___ ENTRIES SUPPLIED

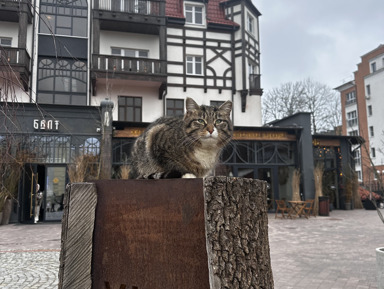 Квест-экскурсия «Найди самый старый дом Кранца»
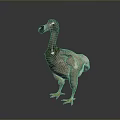 Dodo Bird With Brown Feathers Yellow Feet Black Beak Plump Body And Short Wings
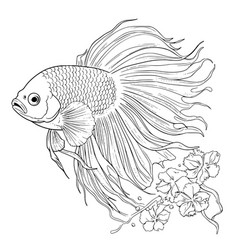 Betta Fish Coloring Pages For Kids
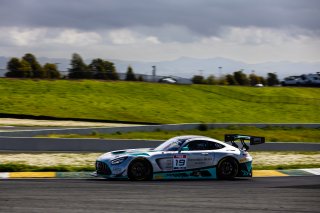 #19 Mercedes-AMG GT3 of Will Hardeman and Adam Carroll, April 2023., CA, Esses Racing with Mercedes-Benz of Austin, GT World Challenge America, Pro-Am, SRO America, Sonoma, Sonoma Raceway
 | Fabian Lagunas / SRO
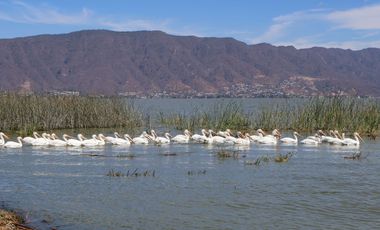 Departamento en venta en la Ribera de Chapala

______

Find the line that contains "Betta Fish Coloring Pages For Kids". Copy it and every line after it through the end of the listing exactly, but not the pictures.

TASK RESPONSE.
 Betta Fish Coloring Pages For Kids
 #19 Mercedes-AMG GT3 of Will Hardeman and Adam Carroll, April 2023., CA, Esses Racing with Mercedes-Benz of Austin, GT World Challenge America, Pro-Am, SRO America, Sonoma, Sonoma Raceway
 | Fabian Lagunas / SRO
 Departamento en venta en la Ribera de Chapala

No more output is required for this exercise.